L’article L. 322-7 du code de l’énergie renvoie au code général des collectivités territoriales la définition de la consistance du RPD. Le troisième alinéa du paragraphe IV de l’article L. 2224-31 de code définit le RPD – sauf exceptions listées à cet alinéa – comme « les ouvrages de tension inférieure à 50 kV situés sur le territoire de l’autorité organisatrice de la distribution d’électricité ».

Une « infrastructure collective » de tension inférieure à 50 kV desservant des points de recharge devrait donc relever du RPD. Deux dispositions législatives contredisent toutefois ce principe.

D’une part, l’article L. 334-4 prévoit que les opérateurs d’IRVE n’exercent pas une activité d’achat pour revente d’électricité mais une prestation de services. Il en résulte que ces opérateurs sont réputés consommateurs finals de l’énergie et, par fiction juridique, que leurs réseaux n’acheminent pas d’électricité à des clients finals.

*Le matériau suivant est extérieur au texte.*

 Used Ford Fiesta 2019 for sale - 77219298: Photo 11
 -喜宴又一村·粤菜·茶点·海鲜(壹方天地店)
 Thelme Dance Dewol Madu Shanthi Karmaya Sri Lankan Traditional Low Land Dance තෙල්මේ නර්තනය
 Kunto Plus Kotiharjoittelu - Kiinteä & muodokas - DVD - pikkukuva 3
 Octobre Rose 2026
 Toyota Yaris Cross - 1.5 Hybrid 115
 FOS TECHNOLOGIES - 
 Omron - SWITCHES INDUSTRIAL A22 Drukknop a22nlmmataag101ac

D’autre part, l’article L. 353-8 de ce code prévoit qu’une IRVE peut être raccordée indirectement au RPD. Ainsi, quand bien même la notion d’« infrastructure collective de recharge » renverrait à une structure distincte de l’« infrastructure de recharge », force est de constater que l’infrastructure collective ne relève pas nécessairement du RPD.

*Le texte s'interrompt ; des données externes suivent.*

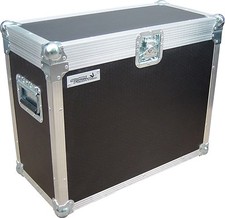 Fender Hot Rod Deluxe Combo Amp Swan Flight Case (Hex) Carry Case Design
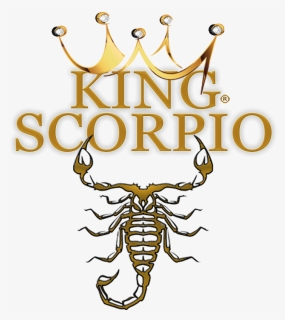 Detail Download Logo Scorpion Nomer 20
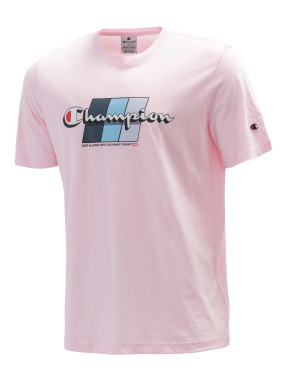 CHAMPION Tricou Ss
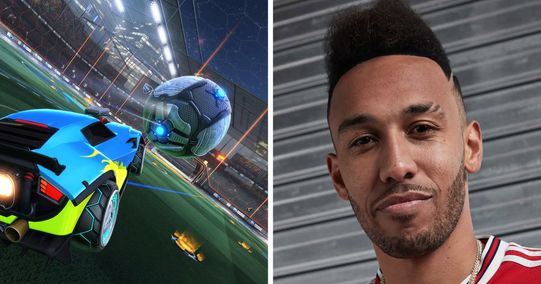 'Something is cooking': Auba considers starting up esports team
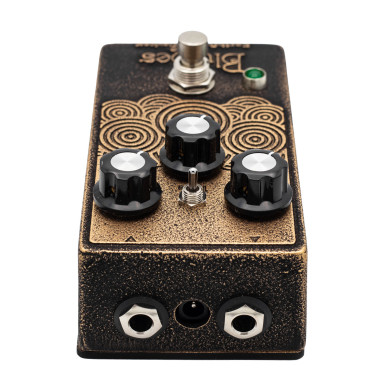 Blumes Low Signal Shredder KGR Custom
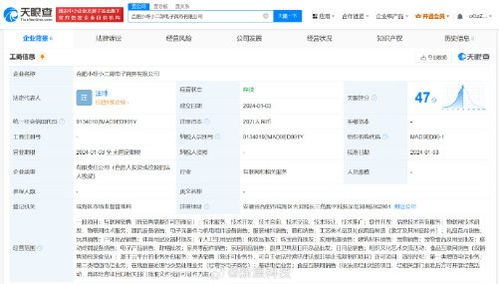 疯狂小杨哥新公司乘风起航 再度拓展互联网销售版图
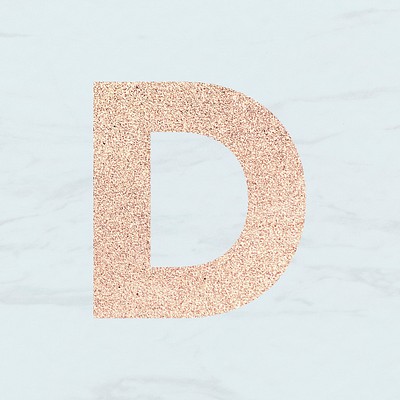 Glitter heart sticker transparent png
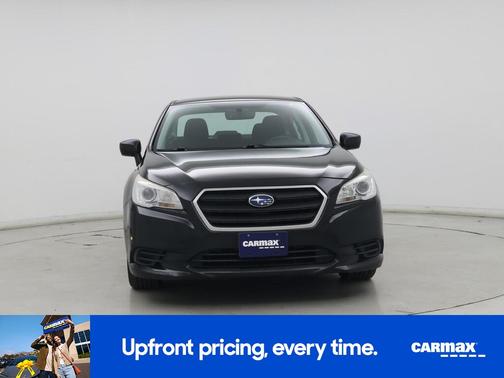 2017 Subaru Legacy 2.5I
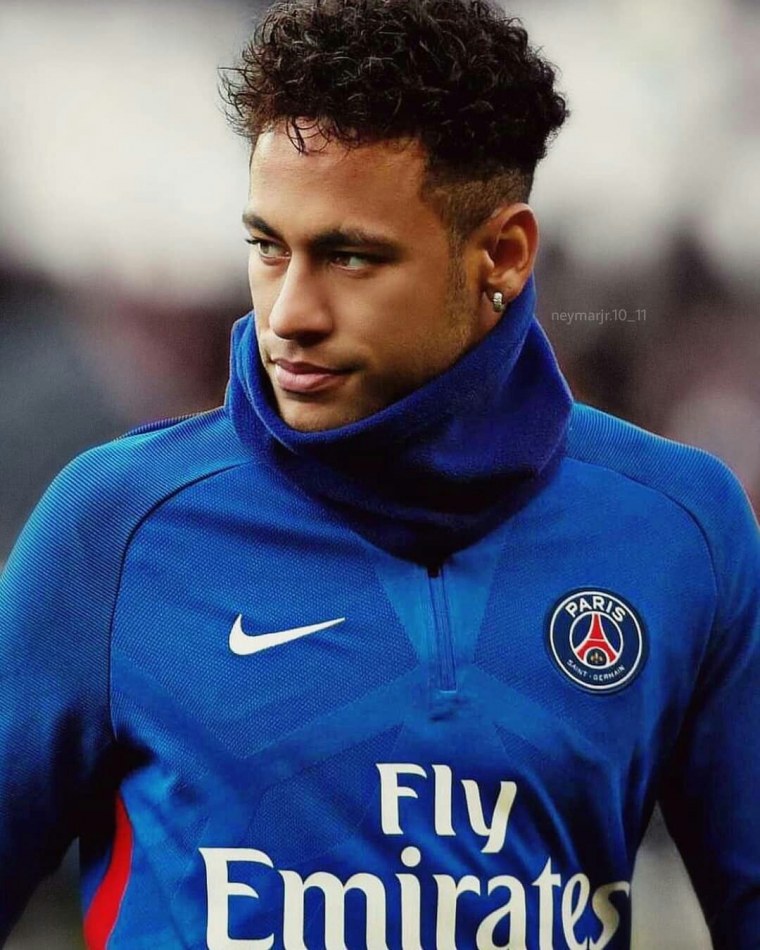 Neymar Jr ПСЖ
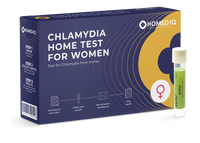 Chlamydia Home Test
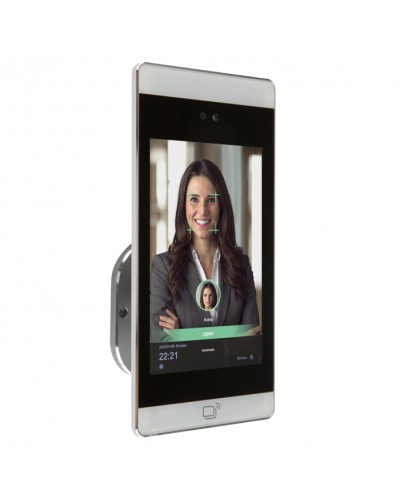 Терминал распознавания лиц RusGuard R20-Face (8W) SE в Иваново Контроллеры Pintop.ru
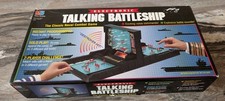 Electronic talking battleship for sale  Hudson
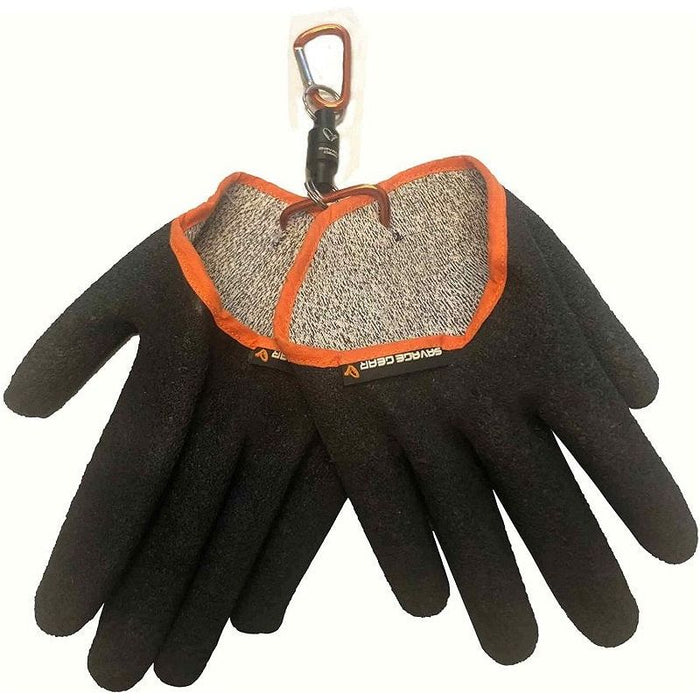 Savage Gear Aqua Guard Handschuhe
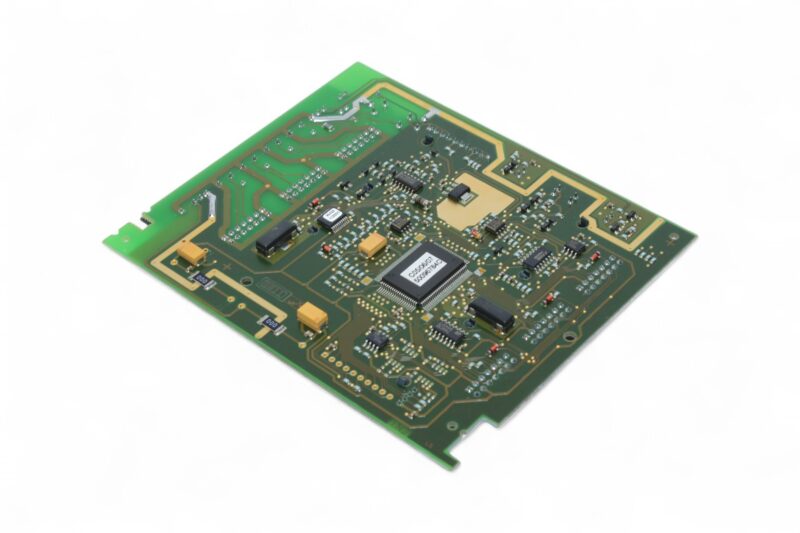 Endress+Hauser 319111-0200 D FLOWTEC CONTROL BOARD - Image 5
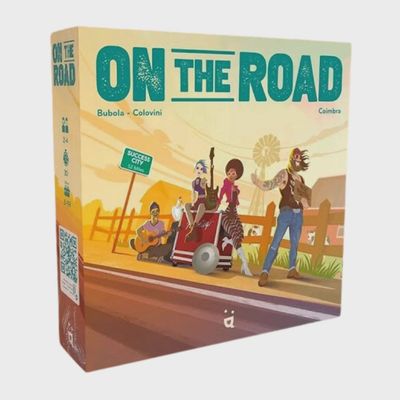 On the Road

Finalement, si le législateur a introduit deux régimes, selon que l’infrastructure collective de recharge relève du RPD ou n’en relève pas, la distinction entre ces infrastructures ne s’effectue pas selon un critère objectif, qu’il soit matériel ou fonctionnel.

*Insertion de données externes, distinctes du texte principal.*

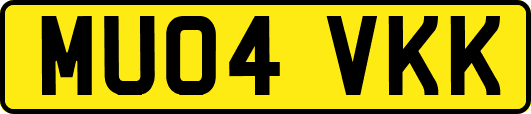 MU04VKK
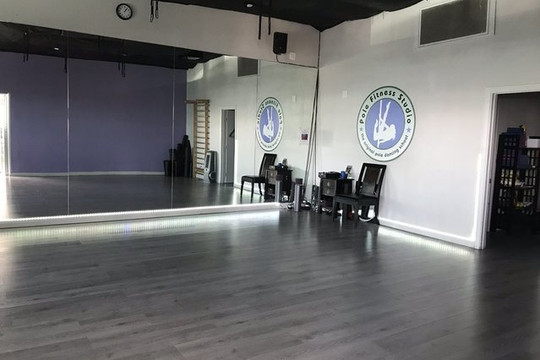 Image 1 from Pole Fitness Studio partner gallery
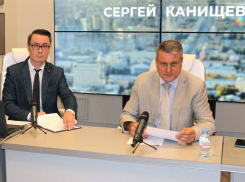 Сентябрьские выборы в Воронежской области могут пройти дистанционно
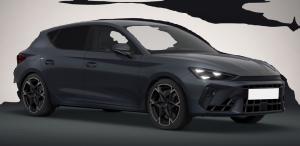 Cupra Leon VZ DSG AHK DCC Dinamica SHZ Kessy ACC Kam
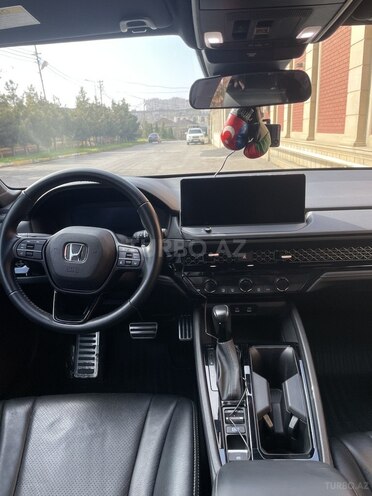 Honda Accord 2023, 59,000 km - 2.0 l - Bakı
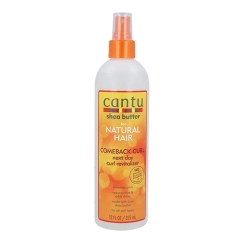 Cantu luonnollinen hiusten kiharrusvoide, 355 ml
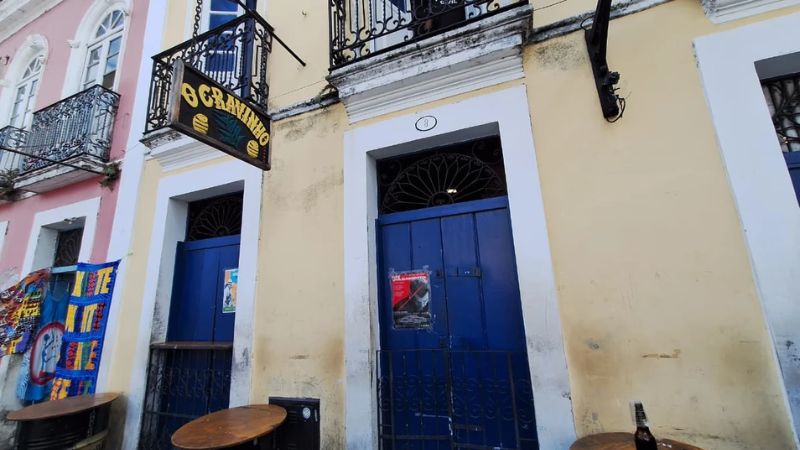 Laudo técnico confirma segurança das bebidas do O Cravinho após operação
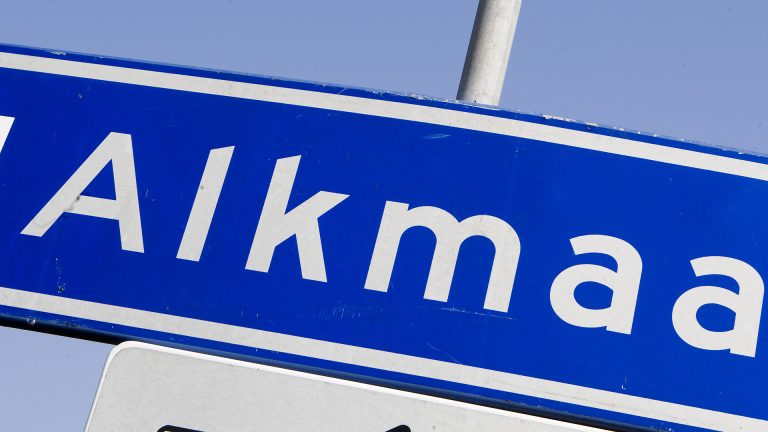 Stedenbouwkundige Ricsi van Beek geeft lezing over toekomst Alkmaar ?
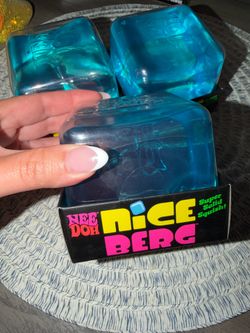 Needoh Nice Berg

Ainsi, l’intégration d’une infrastructure collective au RPD dépend du choix du propriétaire de l’immeuble ou du syndicat de copropriétaires, d’en confier la création et la gestion à un GRD ou à un opérateur d’IRVE. Cette consistance variable du RPD rappelle la saga des colonnes montantes dont les GRD et les syndicats de copropriétaires ont sans doute conservé des souvenirs douloureux.

Enfin, la concurrence entre GRD et opérateurs d’IRVE, instaurée par ces dispositions, amène à s’interroger sur les conditions de l’interventionnisme des GRD.

L’interventionnisme des GRD en matière d’infrastructures de charge.

L’article 33(2) de la directive 2019/944 du 5 juin 2019 concernant des règles communes pour le marché intérieur de l’électricité interdit aux GRD de posséder, développer, gérer ou exploiter des « points de recharge ». Par dérogation, l’article 33(3) admet l’intervention de ces opérateurs régulés en cas de carence de l’initiative privée, sous trois conditions cumulatives qui ne sont pas satisfaites par le dispositif que nous venons de commenter.

Pour autant, il n’y a apparemment pas incompatibilité avec la directive, dans la mesure où un« point de recharge » y est défini comme « une interface qui permet de recharger un véhicule électrique à la fois ou d’échanger la batterie d’un véhicule électrique à la fois ».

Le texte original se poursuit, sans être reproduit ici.